‘You didn’t. And anyway, it was probably an odd call to take.’
She paid no attention to his answer, saying instead, ‘My parents are away on vacation. I just came up for a couple of weeks while they’re away. There are people here during the day but they like to know someone’s actually staying here.’ Alex nodded, not sure where this was going. He looked at the blazing fire and the neat stack of chopped logs, the look of the place in general speaking of those people who were around during the day. ‘I’ve got a place in the City, so you see, I wouldn’t usually have been here to take your call.’
‘Oh, right,’ said Alex, pretending that he understood now. She frowned a little, perplexed, and he realized she was still struggling toward the point she was trying to make.
‘I come home all the time but being here alone makes you take stock of life, your childhood, things like that. And then you called.’ She looked at him and he smiled a little, showing now that he didn’t quite understand what she was getting at. She nodded as if accepting that she needed to get to the point and said, ‘I wish you could have found out another way. Matt’s dead. He killed himself.’
Alex could still feel that slight baffled smile stuck to his face, the remnant of the final thought before his brain had frozen. He looked at her; she was waiting for a response. He tried to think but it was as if the words existed in some other reality, as if they’d just been spoken on a daytime soap or in a film.
Then the dam burst and overwhelmed him with stray thoughts, questions, panic, confusion. Matt was dead. He’d killed himself. So maybe he wasn’t behind this, but if it wasn’t him who else could it be? Should he tell her that Matt might not have killed himself but been murdered? Matt was dead. Dead. She didn’t seem too upset, and her parents were on vacation when their son had just killed himself.
‘Your parents went on vacation?’
‘Yes.’ She couldn’t see the point of the question but thought it over for a second or two and said, ‘Oh, I’m sorry, I should have said.
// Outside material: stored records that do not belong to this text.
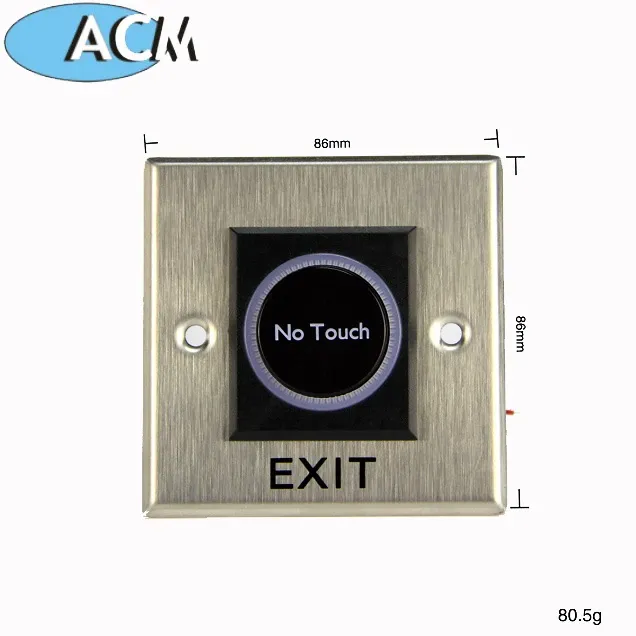 RFID-Infrared-Sensor-no-touch-door-access-control-exit-button_2.jpg.webp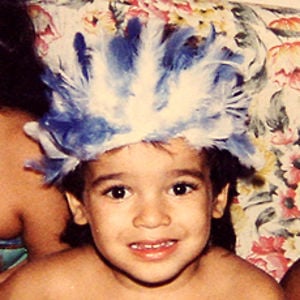 Profile picture for Erik Gustavo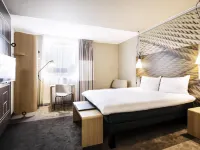 Ibis Gdansk Stare Miasto Các khách sạn ở 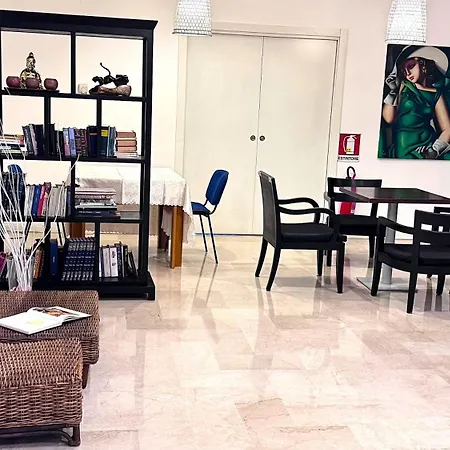 Venice 3* Гризиньяно-ди-Цокко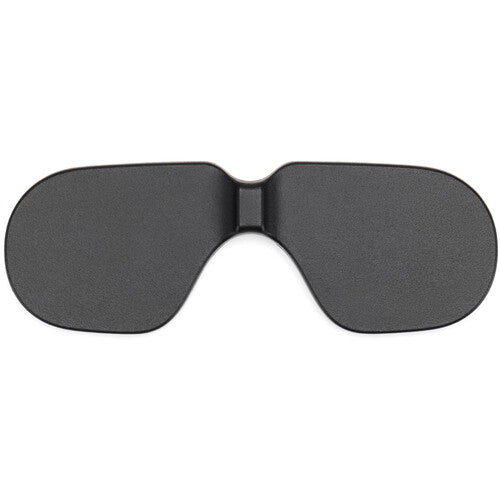 Drone DJI Avata Fly Smart Combo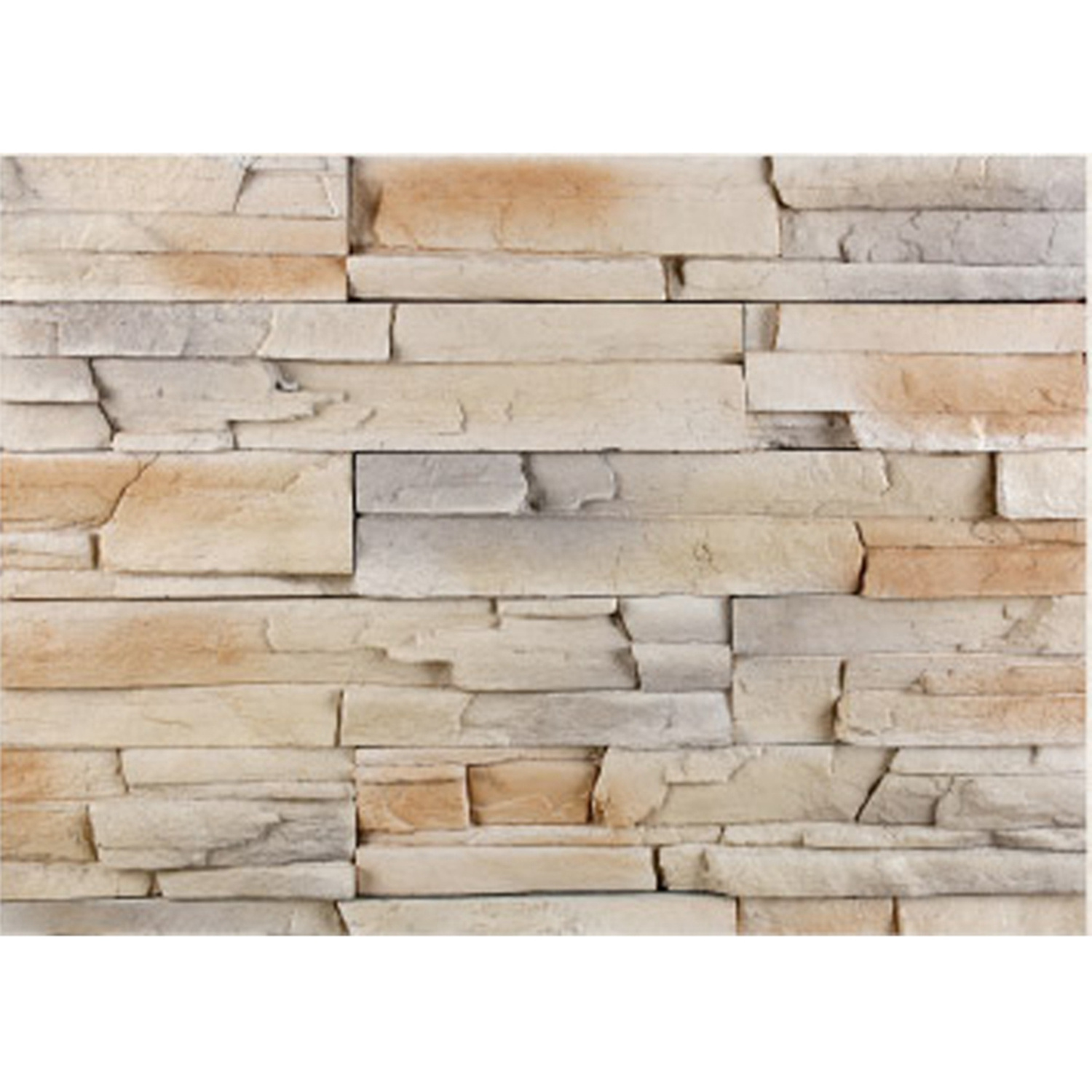 exterior interior wall paneling siding faux stone stack stone 3d wall panel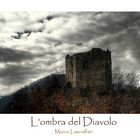 L'ombra del Diavolo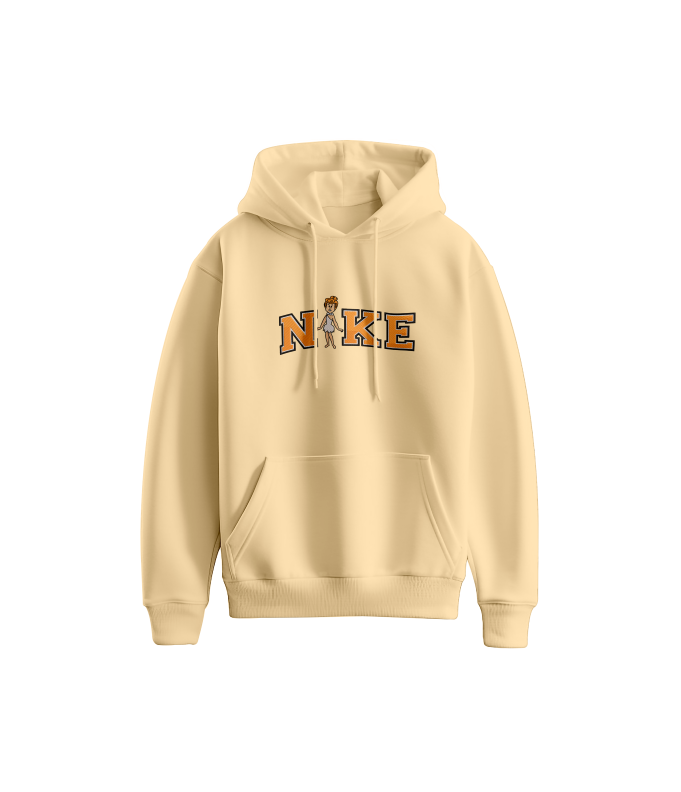 Dúo Sudaderas - Pareja Picapiedra - Los...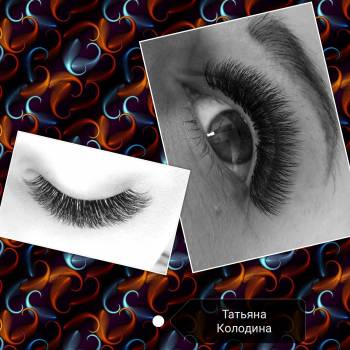 Тетяна Колодіна, Чернігів Фото - 11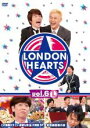 【バーゲンセール】【中古】DVD▼ロンドンハーツ 6L レンタル落ち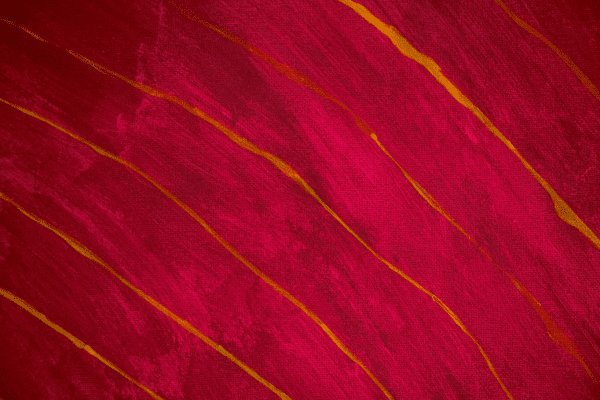 No.36 - Image 2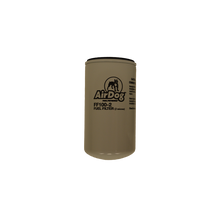 Load image into Gallery viewer, AirDog FF100-2 - PureFlow / II Fuel Filter 2 Micron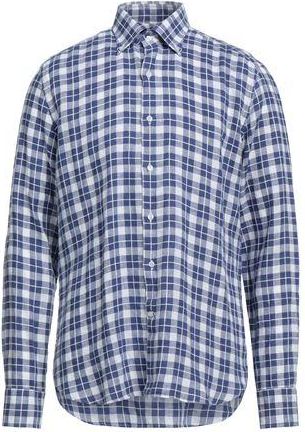 Ghirardelli TOPWEAR - Shirts on YOOX.COM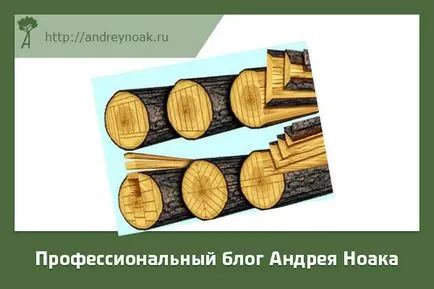 На борда нарязан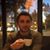 Artak Melqonyan's profile image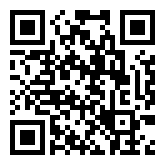 https://www.cd100.cn/news/12703.html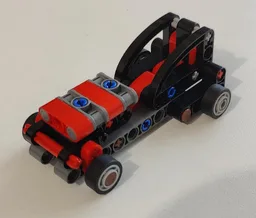 Roadster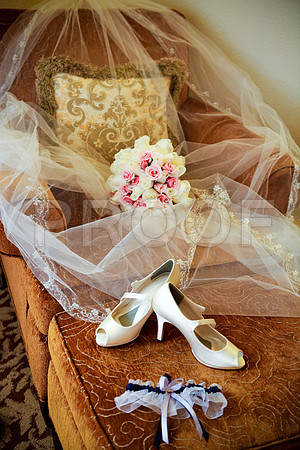 Rosanna_&_Jonathan_012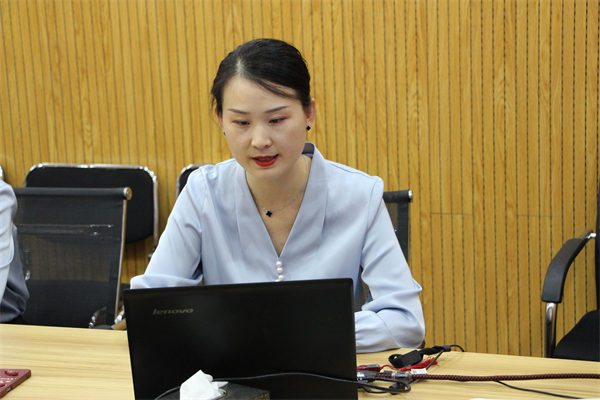 万利官网(中国)唯一官方网站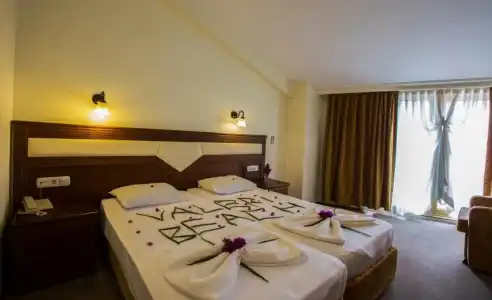 Valeri Beach - All Inclusive - 93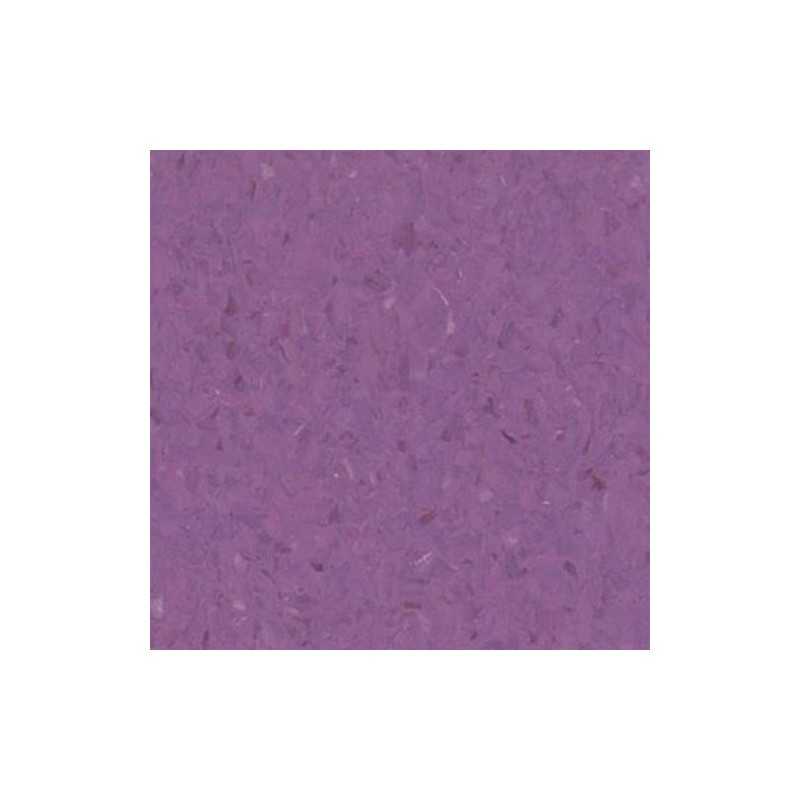 Piso Vinilico Antiestatico 734 Medintech Plus m2 ARMSTRONG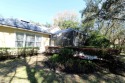 Ad# 6277515 golf course property for sale on GolfHomes.com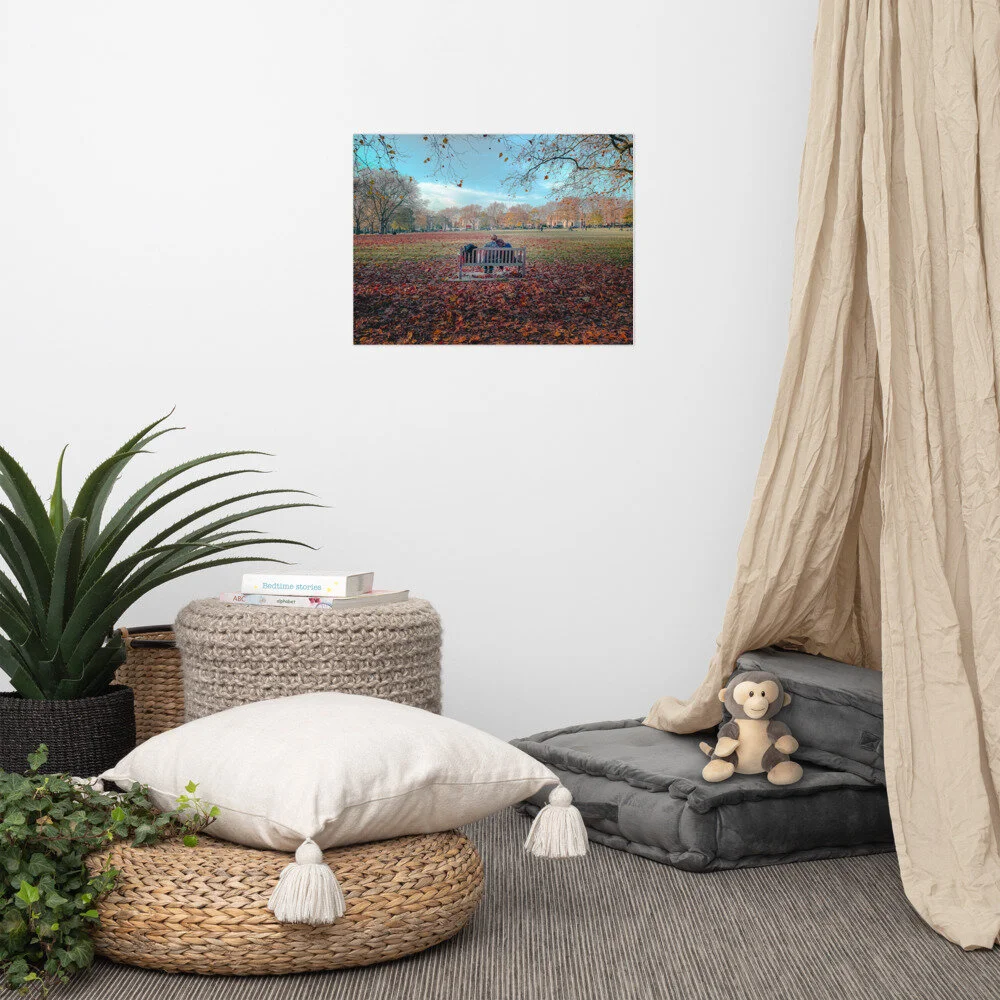 enhanced-matte-paper-poster-(in)-18x24-front-6118f46d59e98.jpg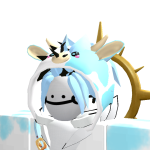 @BaconSheepOffical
This wasn’t recent. It was seven years ago. He connected a tube to the tailpipe of his car. In the garage. The gardener found him.’ Alex thought of him sitting in his car, losing consciousness, the mind-numbing irony of him choosing that way out.
‘Seven years ago?’
She nodded.
The barrage of questions was still going on in the back of his head, speculating on what it meant now that Matt was out of the picture. It was overshadowed though, by the realization that someone he’d once thought of as one of his closest friends had sunk into a suicidal despair and killed himself within three years of their last meeting. And the worst of it was that none of them had even known.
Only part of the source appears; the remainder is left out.